No final da década de 50, quando os geólogos apresentaram a
revolucionária teoria das placas tectônicas, já havia sido encontrada a
metade de todo o petróleo existente na Terra que o homem poderá
utilizar. Foi fácil descobri-lo. Hoje em dia, no entanto, a sua
exploração concentra-se em depósitos localizados em pontos menos
evidentes, e encontrá-los requer um esforço cada vez maior. A nova
teoria, que apresenta a camada externa da Terra com uma espessura entre
50 e 150 quilômetros, dividida em placas que se movimentam vagarosa, mas
incessantemente, acabou se tornando um providencial facilitador desse
trabalho. A compreensão das condições geológicas torna mais fácil
descobrir onde o petróleo se encontra; e, mais importante, ajuda também a
saber onde ele não se encontra.
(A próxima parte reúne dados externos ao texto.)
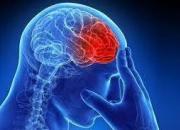 علائم اصلی سکته مغزی ناقص چیست؟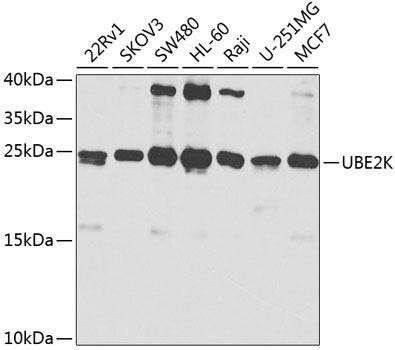 UBE2K Rabbit Polyclonal Antibody (CAB1086)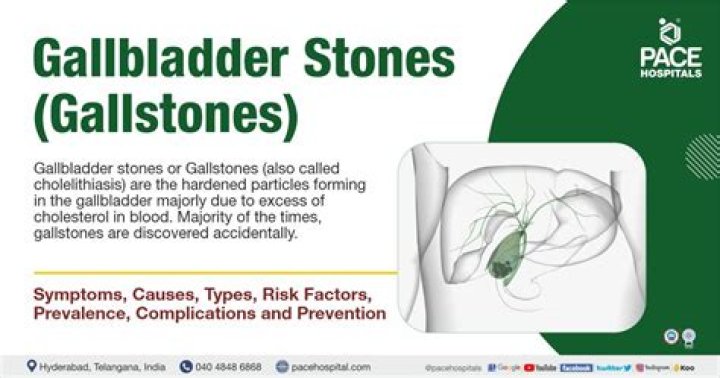 Is a 5 cm gallstone big?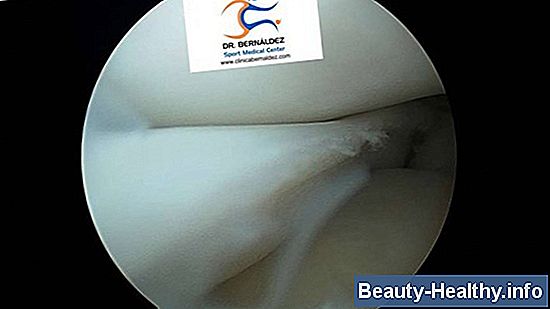 Cirug铆a de rodilla y dolor de cadera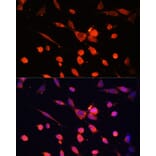Immunofluorescence - Anti-PI 3 Kinase p55 gamma Antibody (A92970) - Antibodies.com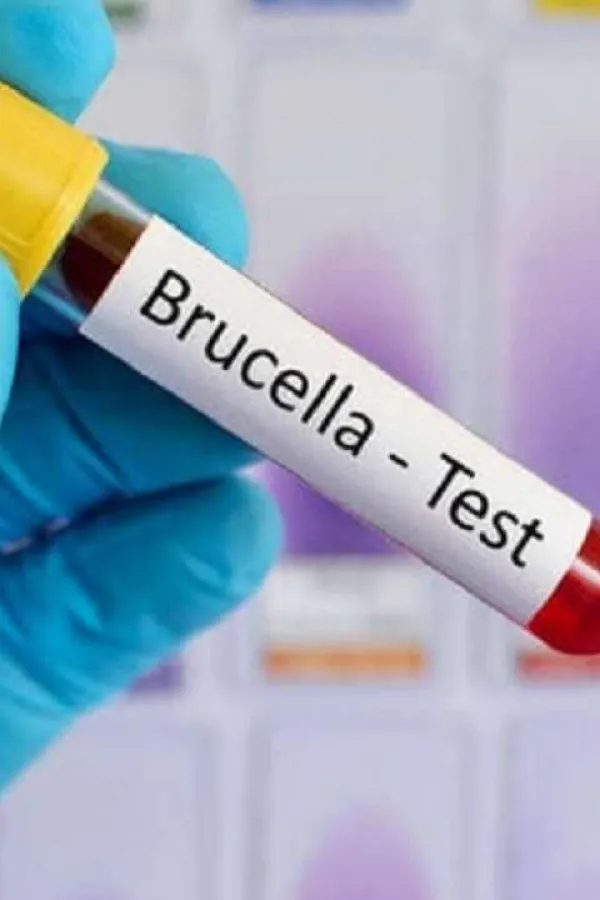 Bruceloza u Vogo&scaron;ću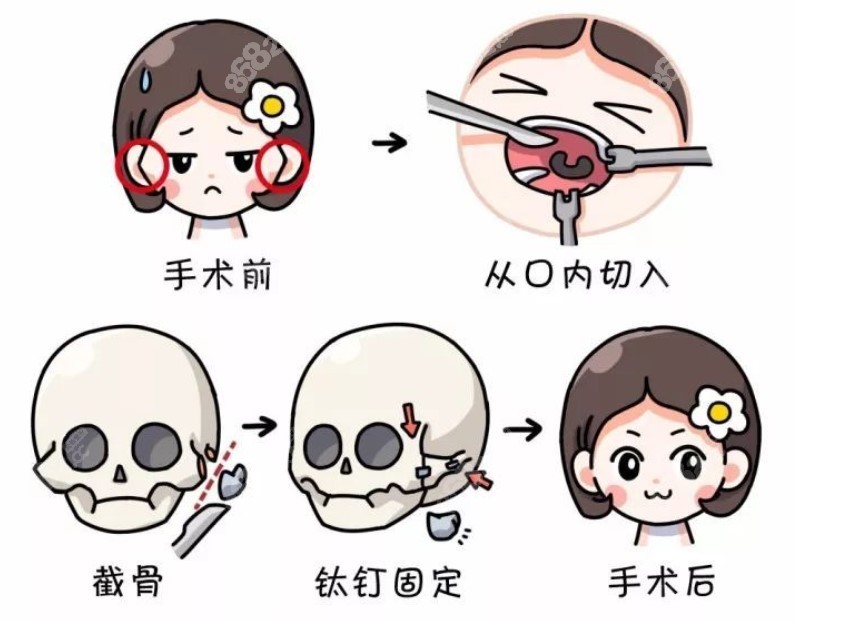 8682.cc介绍杜本军磨骨怎么样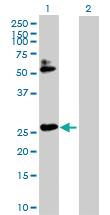 Anti-HOXB7 Rabbit Polyclonal Antibody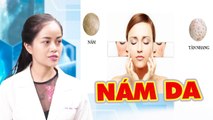 Bác sĩ nói gì #51 | Tìm hiểu về bệnh NÁM DA, nguyên nhân và phòng tránh NÁM DA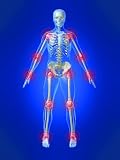 An Open-Label, Long-Term Safety and Tolerability Trial of Diclofenac Sodium 1% Gel in Patients with Knee Osteoarthritis (DOI: 10.3810/psm.2011.09.1918) (The Physician and Sportsmedicine)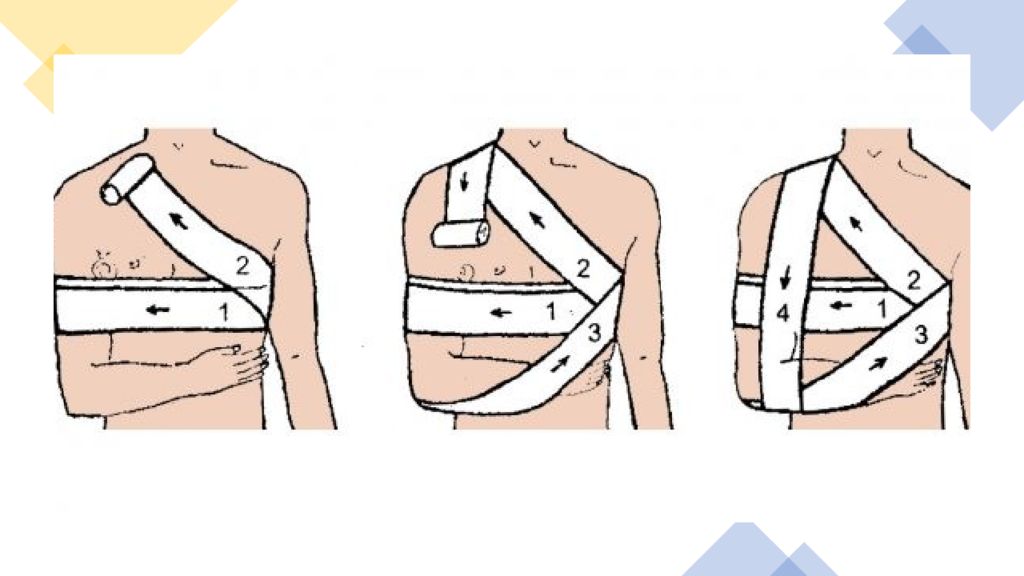 Перевязка ключицы. Повязка Дезо бинтом техника наложения. Наложение повязки Дезо алгоритм. Повязка Дезо на плечо техника наложения. Повязка Дезо алгоритм.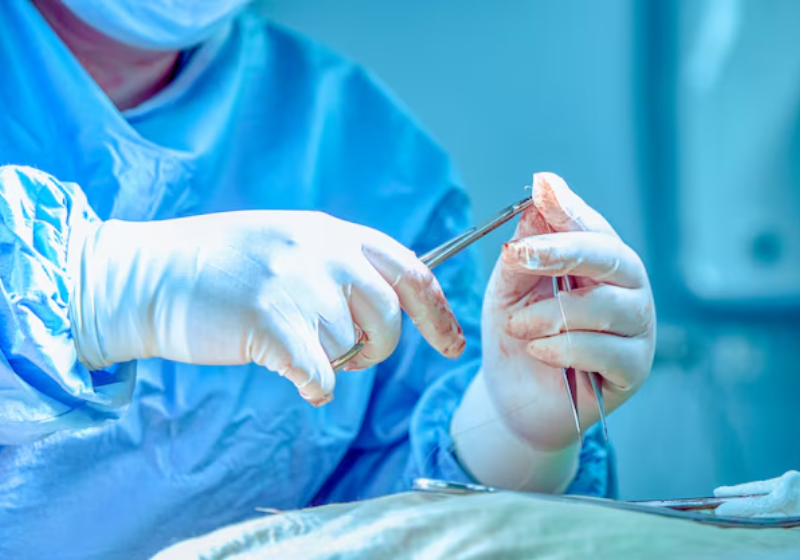 A cirurgia cerebral para tratar obesidade por enquanto é experimental e não está disponível no SUS. Foto: Freepik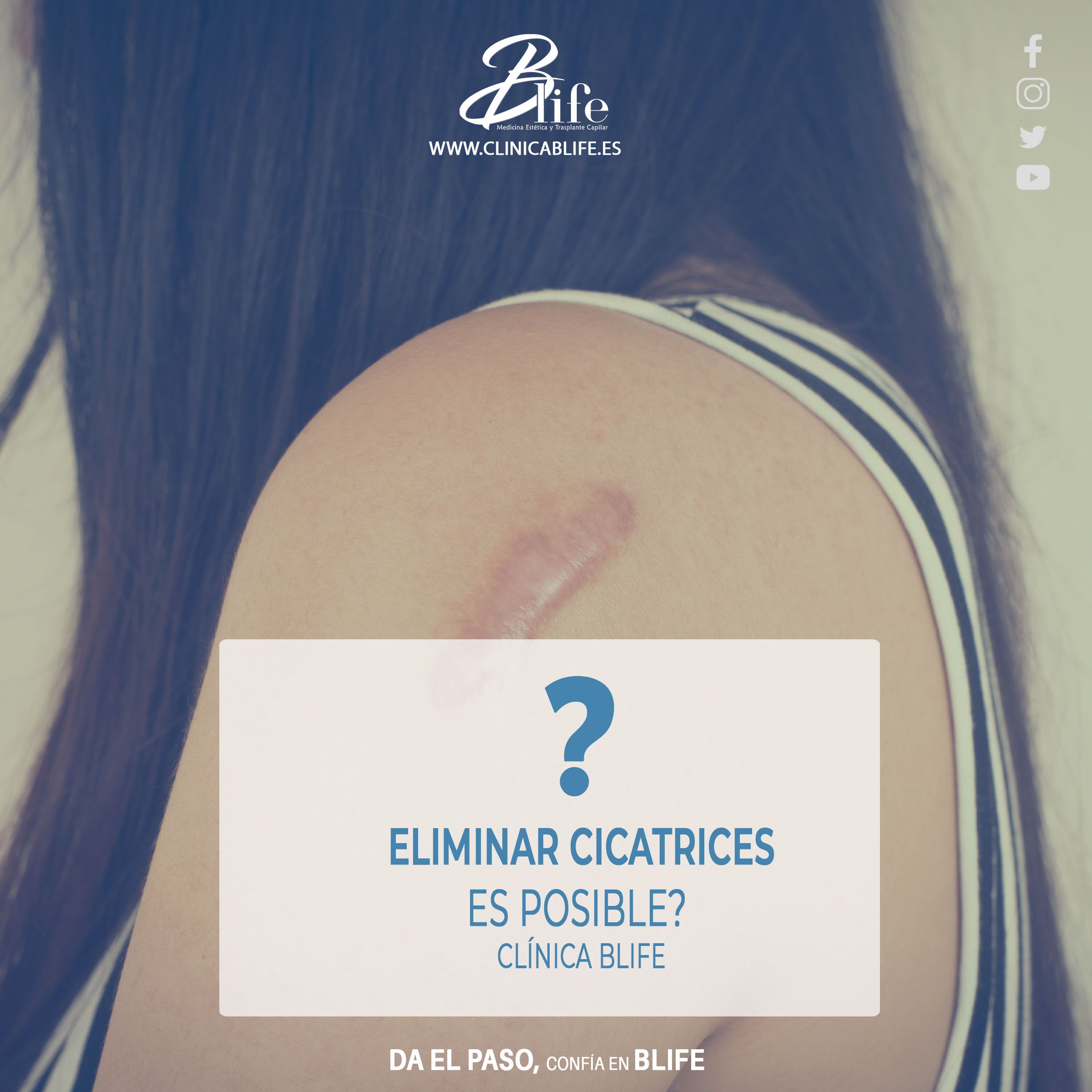 Eliminar cicatrices en Madrid: Recupera la uniformidad de tu piel con tecnología médica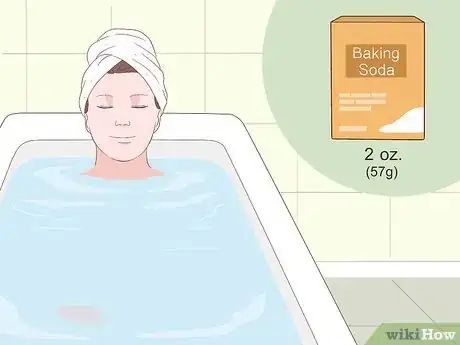 Imagen titulada Heal Scabies Scars Step 2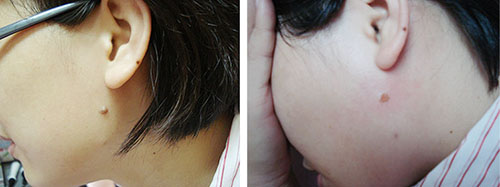 CO2 Fractional Laser Beauty Equipment for Remove Mole & Skin Cutting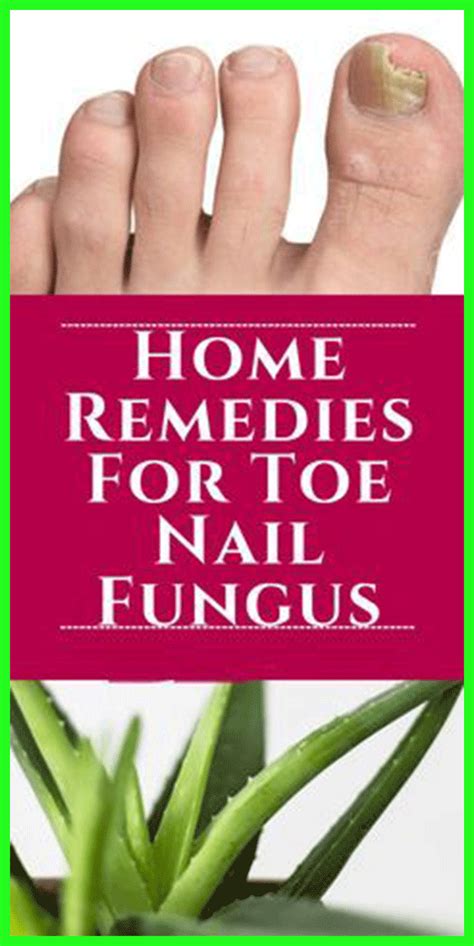 Home Remedies For Toe Nail Fungus Nail Fungus Toenail Fungus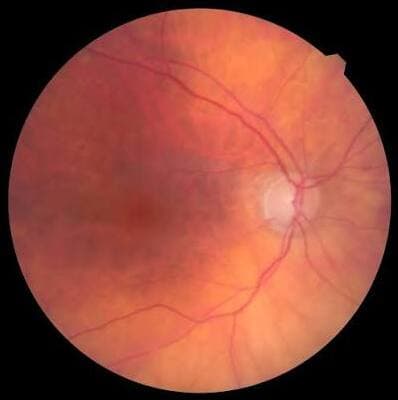 Normal-Tension Glaucoma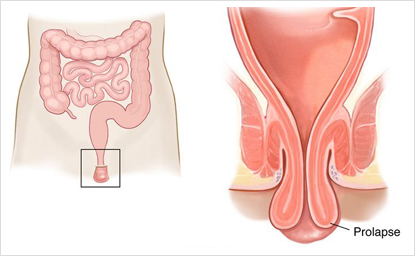 Rectal Polyp Treatment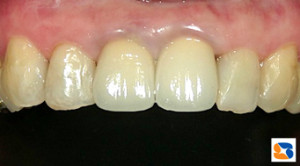 セラミックで前歯を美しく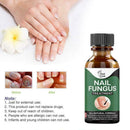 Fungal Nail Repair Essence Care Treatment Whitening Foot Nail Gel T6W5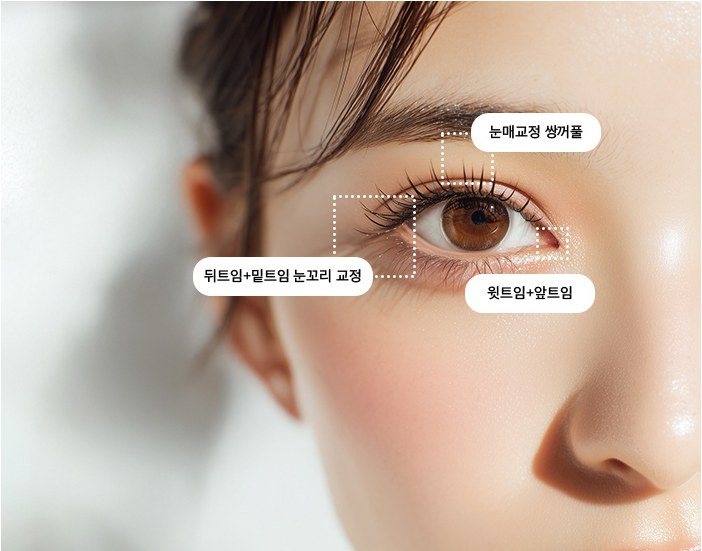 눈매교정, 뒤트임, 윗트임+앞트임 등 수술 부위가 표시된 눈 클로즈업 사진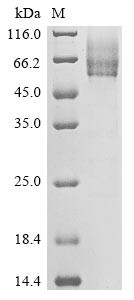 Spike glycoprotein (S), partial, human betacoronavirus 2c EMC/2012, recombinant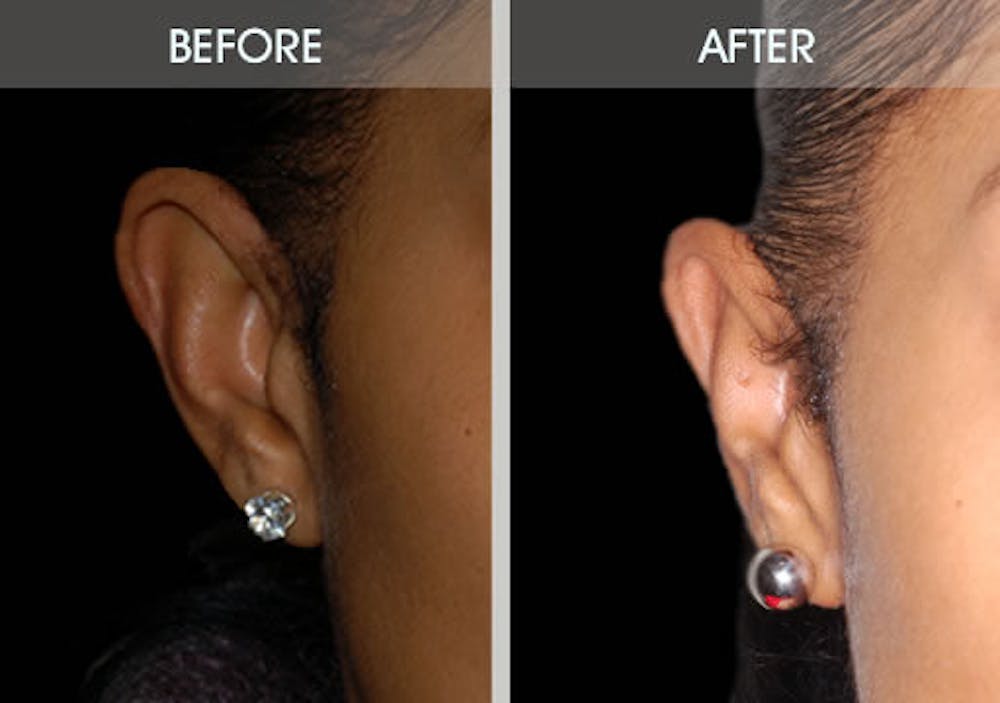 Ear Surgery Gallery Before & After Gallery - Patient 2206537 - Image 5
Dessa forma, os geólogos especializados
nessas pesquisas podem fazer estimativas mais confiáveis do total das
reservas com as quais o homem poderá contar, no futuro. O resultado não é
o anúncio de uma catástrofe iminente, mas um claro aviso de que chegou a
hora de começar o planejamento de um mundo sem petróleo — na melhor das
hipóteses, as reservas resistem até meados do próximo século.
Não
foi à toa que o petróleo se tornou motivo de guerras e revoluções,
fonte de riquezas e de degradação ambiental. Desbancando o carvão, ele
logo se tornou o principal combustível que mantém em movimento a
sociedade industrial moderna, com suas fábricas, cidades feericamente
iluminadas, e cada vez maiores frotas de navios, aviões e automóveis
correndo de um lado para outro. Descrito sumariamente, ele é uma
substância, quase sempre em estado líquido, constituída de cadeias de
átomos de carbono e hidrogênio. Forma-se na natureza por meio da
separação de moléculas orgânicas comuns, citadas na maioria dos rótulos
de alimentos que compramos no supermercado: ácidos graxos, carboidratos,
açúcares, proteínas. Qualquer forma de vida pode fornecer estes
ingredientes para a sua formação, mas o fitoplâncton — planta unicelular
aquática — é de longe a fonte mais abundante.
Para que o
petróleo se forme, é necessário que o fitoplâncton fique enterrado sob
espessas camadas de rocha, com muito calor. As moléculas de ácidos
graxos e de substâncias semelhantes são robustas, e podem permanecer
inalteradas na rocha por milhões de anos. O calor do planeta, contudo,
consegue acelerar seus átomos e romper suas ligações químicas,
permitindo a transformação. A temperatura da camada externa da crosta
terrestre aumenta cerca de 1 grau a cada 30 metros de profundidade. A
cerca de 3 000 metros ela já é suficientemente alta para dar início à
transformação das substâncias químicas orgânicas originárias do
fitoplâncton. Não muito mais abaixo, contudo, a temperatura atinge
níveis tão altos que as próprias moléculas do petróleo começam a se
separar.
Para encontrar as reservas, entretanto, não basta
procurar em locais onde sedimentos ricos em matéria orgânica jazem a
cerca de 3 000 metros de profundidade. Em sua fase inicial de formação, o
petróleo constitui-se de gotículas dispersas cuja exploração é
inviável. Ele só será aproveitável quando essas gotículas se juntarem em
enormes volumes. À medida que a pressão aumenta, o óleo é “espremido”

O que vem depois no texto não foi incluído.